Activity:
For this exercise, transcribe the records below without changing a word.

Web page caption snippets
· · · · ·
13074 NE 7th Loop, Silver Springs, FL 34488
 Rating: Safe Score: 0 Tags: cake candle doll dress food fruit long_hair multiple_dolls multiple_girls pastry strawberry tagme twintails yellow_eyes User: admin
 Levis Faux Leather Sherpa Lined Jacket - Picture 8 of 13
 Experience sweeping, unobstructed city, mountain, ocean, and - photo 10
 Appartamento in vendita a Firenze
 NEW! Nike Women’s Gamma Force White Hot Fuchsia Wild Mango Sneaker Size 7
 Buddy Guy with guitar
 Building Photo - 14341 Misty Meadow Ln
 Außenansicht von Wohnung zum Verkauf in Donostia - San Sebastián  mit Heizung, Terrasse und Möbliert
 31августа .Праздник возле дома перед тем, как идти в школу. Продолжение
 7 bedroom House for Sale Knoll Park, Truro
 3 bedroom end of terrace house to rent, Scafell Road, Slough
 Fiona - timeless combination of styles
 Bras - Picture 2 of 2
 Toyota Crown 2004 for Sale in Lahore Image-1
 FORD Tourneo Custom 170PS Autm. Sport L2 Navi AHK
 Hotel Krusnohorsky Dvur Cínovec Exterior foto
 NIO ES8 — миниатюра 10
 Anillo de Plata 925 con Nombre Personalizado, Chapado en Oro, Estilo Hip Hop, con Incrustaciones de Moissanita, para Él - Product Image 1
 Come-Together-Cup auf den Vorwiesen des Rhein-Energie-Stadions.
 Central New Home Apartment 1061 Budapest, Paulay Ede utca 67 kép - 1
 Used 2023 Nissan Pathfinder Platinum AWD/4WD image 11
· · · · ·
Finished task:
13074 NE 7th Loop, Silver Springs, FL 34488
 Rating: Safe Score: 0 Tags: cake candle doll dress food fruit long_hair multiple_dolls multiple_girls pastry strawberry tagme twintails yellow_eyes User: admin
 Levis Faux Leather Sherpa Lined Jacket - Picture 8 of 13
 Experience sweeping, unobstructed city, mountain, ocean, and - photo 10
 Appartamento in vendita a Firenze
 NEW! Nike Women’s Gamma Force White Hot Fuchsia Wild Mango Sneaker Size 7
 Buddy Guy with guitar
 Building Photo - 14341 Misty Meadow Ln
 Außenansicht von Wohnung zum Verkauf in Donostia - San Sebastián  mit Heizung, Terrasse und Möbliert
 31августа .Праздник возле дома перед тем, как идти в школу. Продолжение
 7 bedroom House for Sale Knoll Park, Truro
 3 bedroom end of terrace house to rent, Scafell Road, Slough
 Fiona - timeless combination of styles
 Bras - Picture 2 of 2
 Toyota Crown 2004 for Sale in Lahore Image-1
 FORD Tourneo Custom 170PS Autm. Sport L2 Navi AHK
 Hotel Krusnohorsky Dvur Cínovec Exterior foto
 NIO ES8 — миниатюра 10
 Anillo de Plata 925 con Nombre Personalizado, Chapado en Oro, Estilo Hip Hop, con Incrustaciones de Moissanita, para Él - Product Image 1
 Come-Together-Cup auf den Vorwiesen des Rhein-Energie-Stadions.
 Central New Home Apartment 1061 Budapest, Paulay Ede utca 67 kép - 1
 Used 2023 Nissan Pathfinder Platinum AWD/4WD image 11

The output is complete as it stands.